A day of muddy thinking and half-hearted desires. Wanting to want, but not quite being able to pull it off. Left my third pint, barely tasted, on the bar, and wandered home. Walked around the reservoir with Martha. A beautiful day, but I barely saw it.
And now evening. Tomorrow is Easter. Is there a name for this day? Maundy Thursday, Good Friday -- but I don't have a name for today. Easter Eve scarcely sounds right. Maybe it signifies, that this day should not have a name. The only anniversary of God's death-day. I mean, the only day when he was dead all day. Friday is the day of horror and tragedy. But on Saturday it sinks in. Saturday his heart-students must have started thinking "Now how do I live, without him? Why do I live without him?" And then the panic: "I can't do this on my own. It seemed so easy, so obvious, so real when he was here. And now it's all impossible, tortuous, unbelievable."

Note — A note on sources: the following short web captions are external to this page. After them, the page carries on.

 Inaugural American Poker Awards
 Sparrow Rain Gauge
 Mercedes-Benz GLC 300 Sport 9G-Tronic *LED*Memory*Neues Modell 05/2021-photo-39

I've written before about Jesus's rebuke to Thomas -- his praise of faith, faith without or even against evidence. I had forgotten, really, the circumstances. Thomas wasn't being asked to have faith in a story or an abstract credo. He was just being asked to keep faith with his heart-teacher. He had seen this man work miracles -- could he not hold his faith, keep (as we Vajrayanists would say) his samaya, his devotion to his teacher, unbroken for even three days?
No. Nor can I. I can picture myself stubbornly insisting, to my living teacher, that he must be dead. In fact I do it all the time.